Und dann kam der Krieg, der alles in Syrien veränderte. Mark Gergis realisierte schnell, dass er im Angesicht all der Zerstörung und der Flucht von Millionen von Syrern mit seinen Musikkassetten auf einmal einen kulturellen Schatz vor sich liegen hatte. Etliche seiner Freunde waren nun Flüchtlinge in Europa. Gergis wollte etwas zurückgeben und begann mit seinem Projekt „Syrian Cassette Archives“, in dem es ihm nicht nur darum geht, die Musik auf den Tapes zu digitalisieren, zu bewahren und bekannter zu machen. Er bezog auch viele der Produzenten und Musiker ein, die er finden konnte, um ein umfangreiches Bild der syrischen Musikszene jener Jahre entstehen zu lassen. Und dabei stieß er auf offene Ohren und viel Unterstützung. Und er wurde mit der Frage konfrontiert, warum es nicht einfach nur eine Sammlung ist, warum es ein Archiv sein muss? „Die tragische oder romantische Antwort darauf ist, dass ich die Zerstörung Syriens und seiner Gesellschaft mitansehen musste.

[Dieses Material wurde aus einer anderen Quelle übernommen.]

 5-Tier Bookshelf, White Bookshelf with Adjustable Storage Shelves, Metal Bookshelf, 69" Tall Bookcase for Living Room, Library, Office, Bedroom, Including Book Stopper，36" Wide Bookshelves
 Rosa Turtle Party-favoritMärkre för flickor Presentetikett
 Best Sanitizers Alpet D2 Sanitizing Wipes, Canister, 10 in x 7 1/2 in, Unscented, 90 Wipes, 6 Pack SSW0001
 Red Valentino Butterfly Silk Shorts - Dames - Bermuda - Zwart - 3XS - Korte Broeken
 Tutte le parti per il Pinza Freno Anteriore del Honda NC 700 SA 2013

Das war der Moment, an dem die Sammlung sich für mich in ein Archiv wandelte. Denn es gab diese Dringlichkeit all das zu bewahren und von den Leuten zu lernen, die dabei waren und ihre Geschichten zu hören“, beschreibt er diese Wandlung.

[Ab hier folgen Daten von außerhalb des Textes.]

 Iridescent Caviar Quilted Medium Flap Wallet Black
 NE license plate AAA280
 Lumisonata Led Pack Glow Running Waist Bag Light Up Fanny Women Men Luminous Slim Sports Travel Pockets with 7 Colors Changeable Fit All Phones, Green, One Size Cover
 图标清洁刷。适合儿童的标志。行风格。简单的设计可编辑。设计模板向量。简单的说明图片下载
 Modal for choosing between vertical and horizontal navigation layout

Musikkassetten als Zeitdokumente, die Webseite als ein Musik- und Geschichtsarchiv. Seine Sammlung sei dabei nur als das Fundament für ein hoffentlich langfristiges Projekt zur Bewahrung der syrischen Musik zu sehen, meint Mark Gergis. Und er sucht weiter nach Aufnahmen aus den wilden und „happy times“ in Syrien, als jeder und jede ganz einfach mit einem Kassettenrekorder seine eigenen Lieder aufnehmen konnte. Musik, so sagt er, sei für viele Menschen genau wie das Essen der Zugang zu einer anderen Kultur. Und er hofft, durch seine Kassetten, den Zugang zur syrischen Kultur für andere geschaffen zu haben.